▶ **EXERCISE DETAILS**: Skip the images and restate every line of the records exactly.

▶ **MATERIALS PROVIDED**:
────────────────

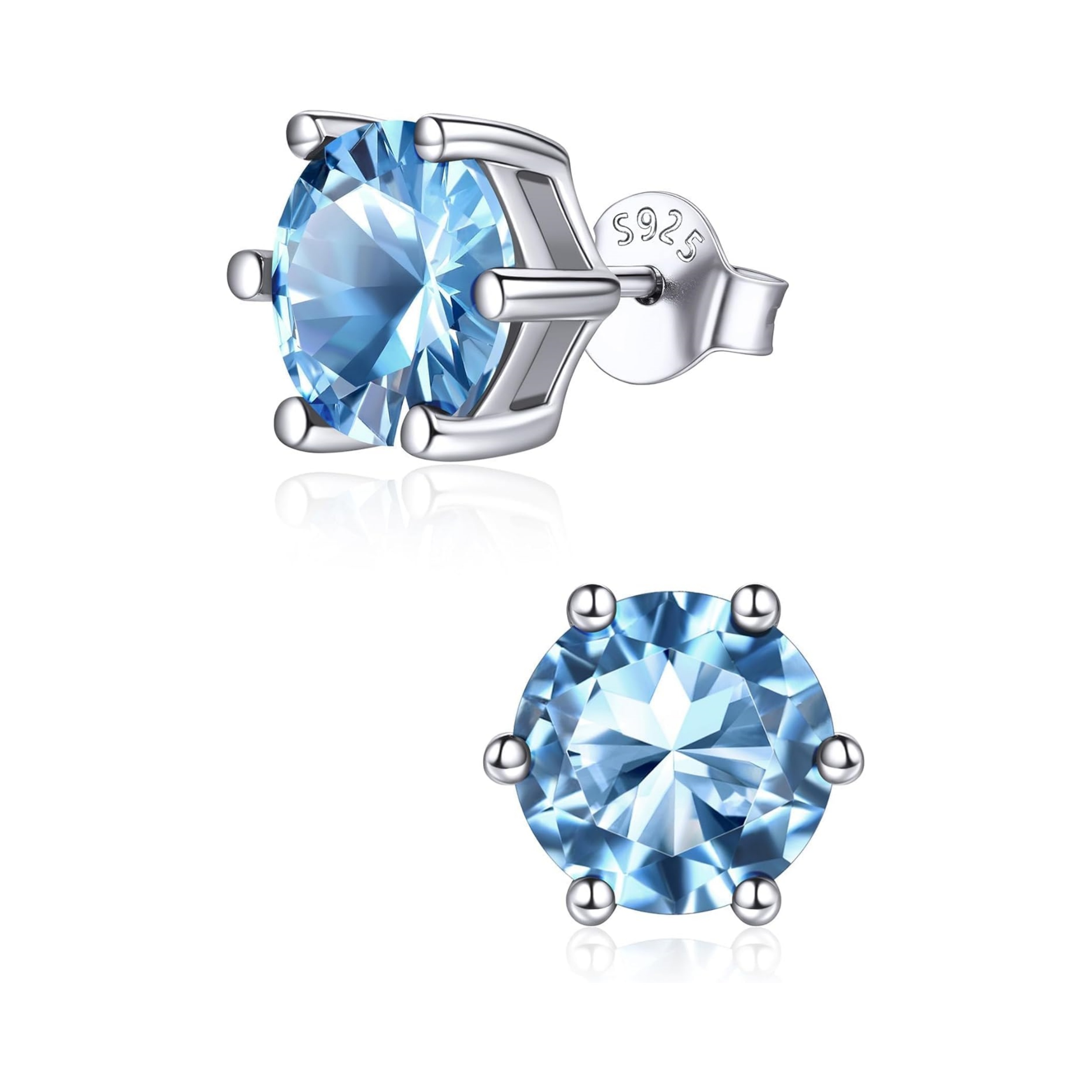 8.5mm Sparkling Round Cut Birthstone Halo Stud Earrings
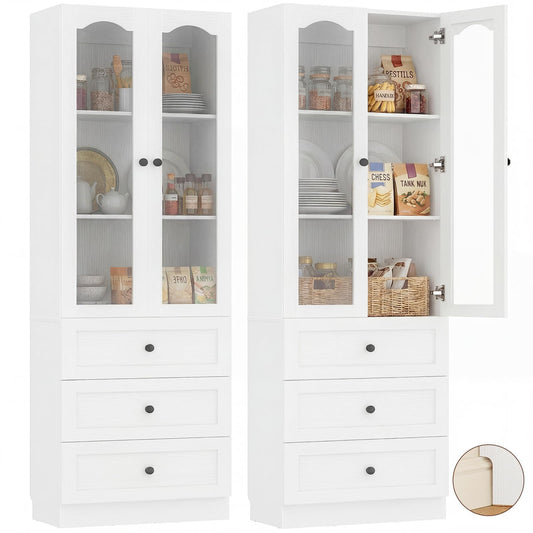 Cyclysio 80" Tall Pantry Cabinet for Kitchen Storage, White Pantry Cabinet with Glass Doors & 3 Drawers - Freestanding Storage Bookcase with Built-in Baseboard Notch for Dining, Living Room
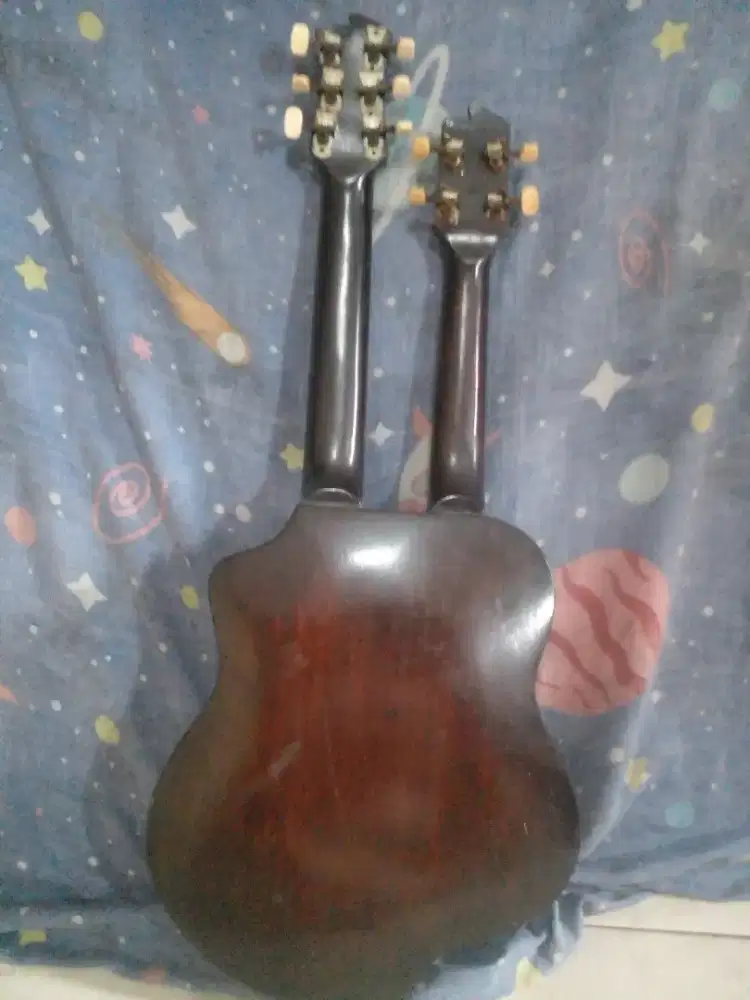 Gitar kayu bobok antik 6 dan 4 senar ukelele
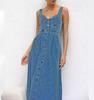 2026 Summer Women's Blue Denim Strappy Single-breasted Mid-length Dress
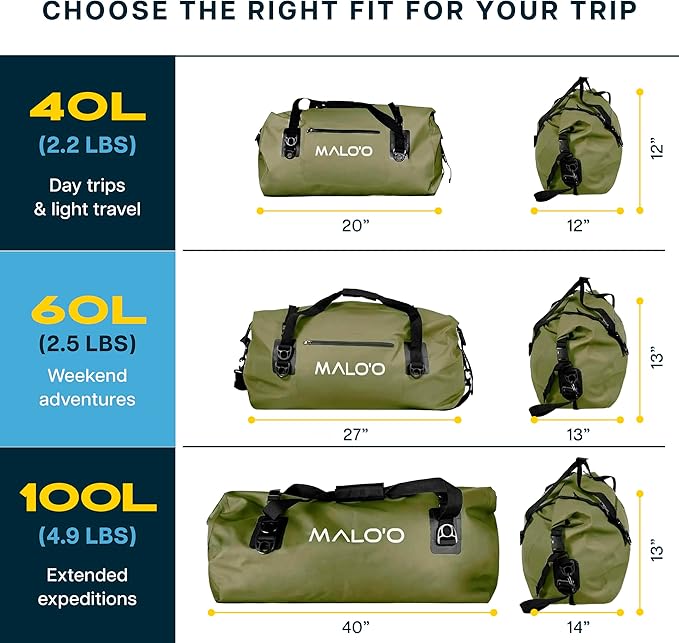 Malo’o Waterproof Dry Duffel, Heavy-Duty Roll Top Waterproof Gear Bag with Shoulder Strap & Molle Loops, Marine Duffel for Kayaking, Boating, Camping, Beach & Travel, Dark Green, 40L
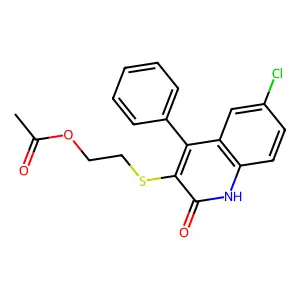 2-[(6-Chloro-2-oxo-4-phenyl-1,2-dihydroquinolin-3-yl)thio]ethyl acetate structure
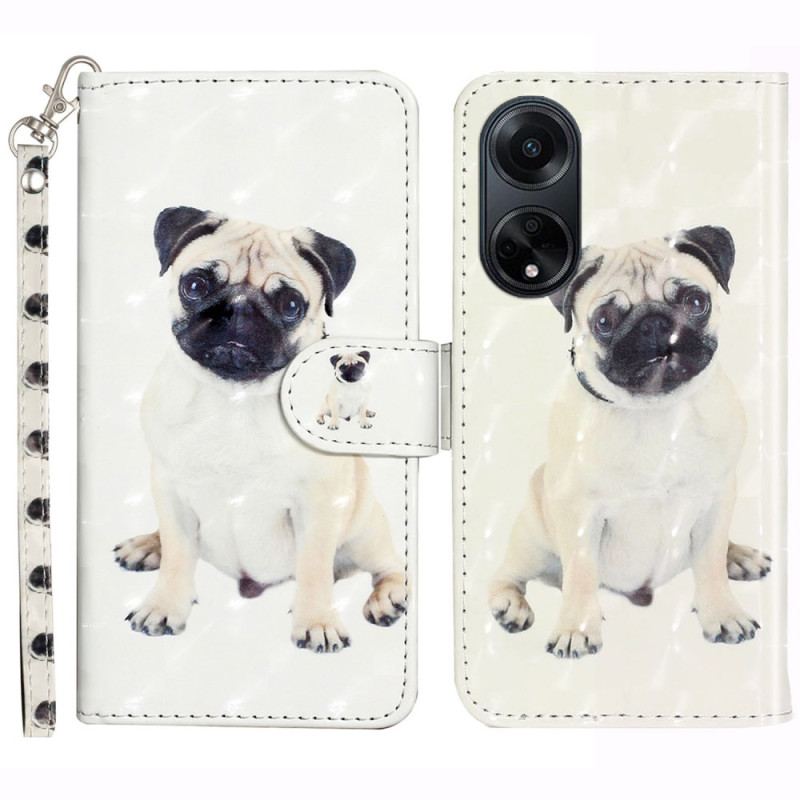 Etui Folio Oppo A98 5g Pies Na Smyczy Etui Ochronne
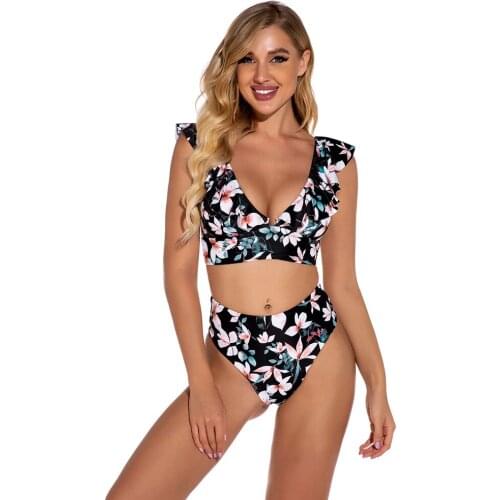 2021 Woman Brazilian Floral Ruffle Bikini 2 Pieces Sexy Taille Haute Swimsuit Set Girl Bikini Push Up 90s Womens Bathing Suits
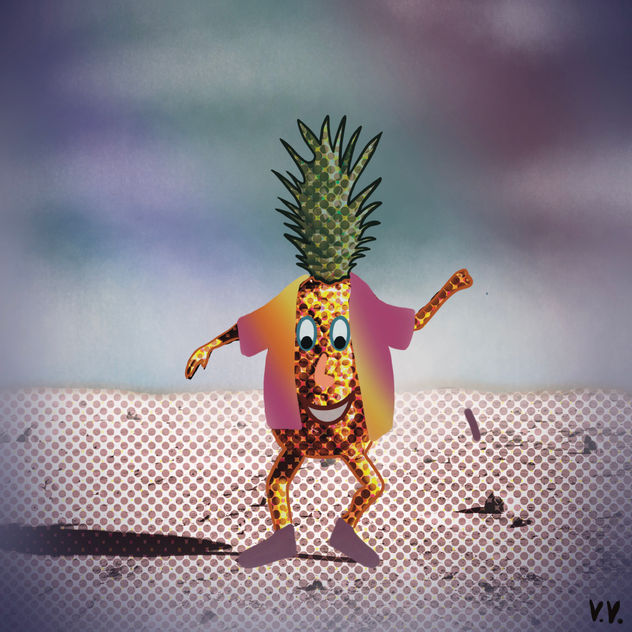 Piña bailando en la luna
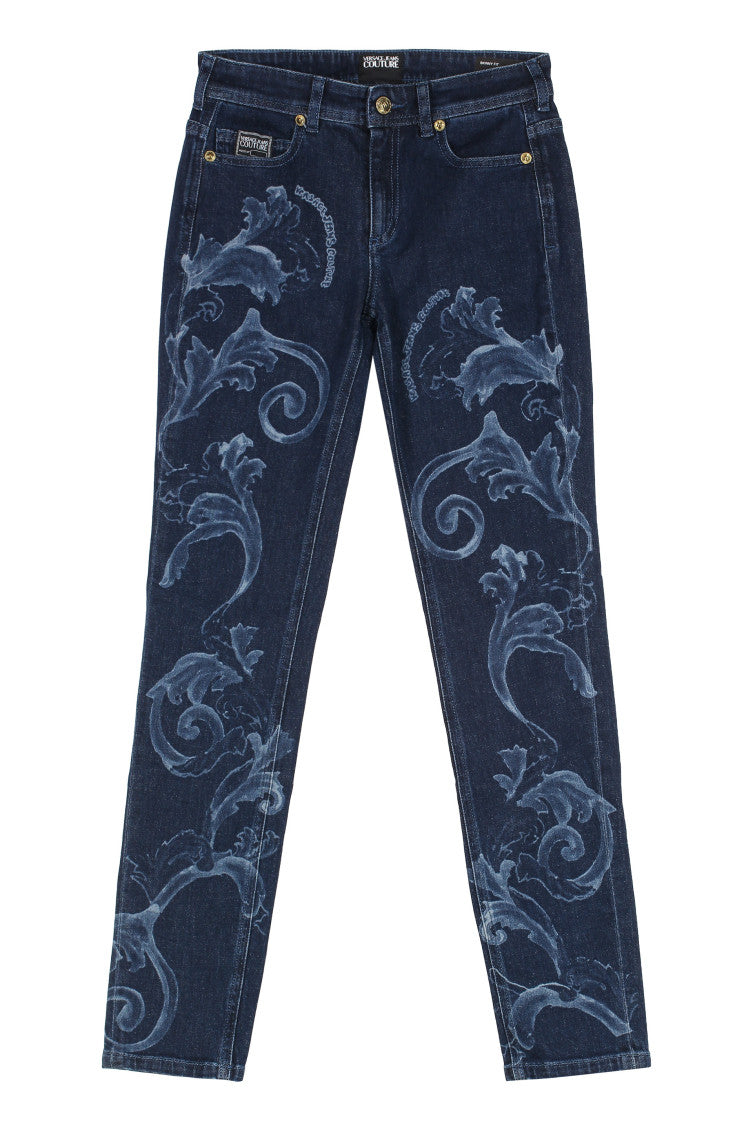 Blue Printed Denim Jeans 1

────────────────

▶ **RESPONSE**:
 8.5mm Sparkling Round Cut Birthstone Halo Stud Earrings
 Cyclysio 80" Tall Pantry Cabinet for Kitchen Storage, White Pantry Cabinet with Glass Doors & 3 Drawers - Freestanding Storage Bookcase with Built-in Baseboard Notch for Dining, Living Room
 Gitar kayu bobok antik 6 dan 4 senar ukelele
 2026 Summer Women's Blue Denim Strappy Single-breasted Mid-length Dress
 Malo’o Waterproof Dry Duffel, Heavy-Duty Roll Top Waterproof Gear Bag with Shoulder Strap & Molle Loops, Marine Duffel for Kayaking, Boating, Camping, Beach & Travel, Dark Green, 40L
 2-[(6-Chloro-2-oxo-4-phenyl-1,2-dihydroquinolin-3-yl)thio]ethyl acetate structure
 Etui Folio Oppo A98 5g Pies Na Smyczy Etui Ochronne
 2021 Woman Brazilian Floral Ruffle Bikini 2 Pieces Sexy Taille Haute Swimsuit Set Girl Bikini Push Up 90s Womens Bathing Suits
 Piña bailando en la luna
 Blue Printed Denim Jeans 1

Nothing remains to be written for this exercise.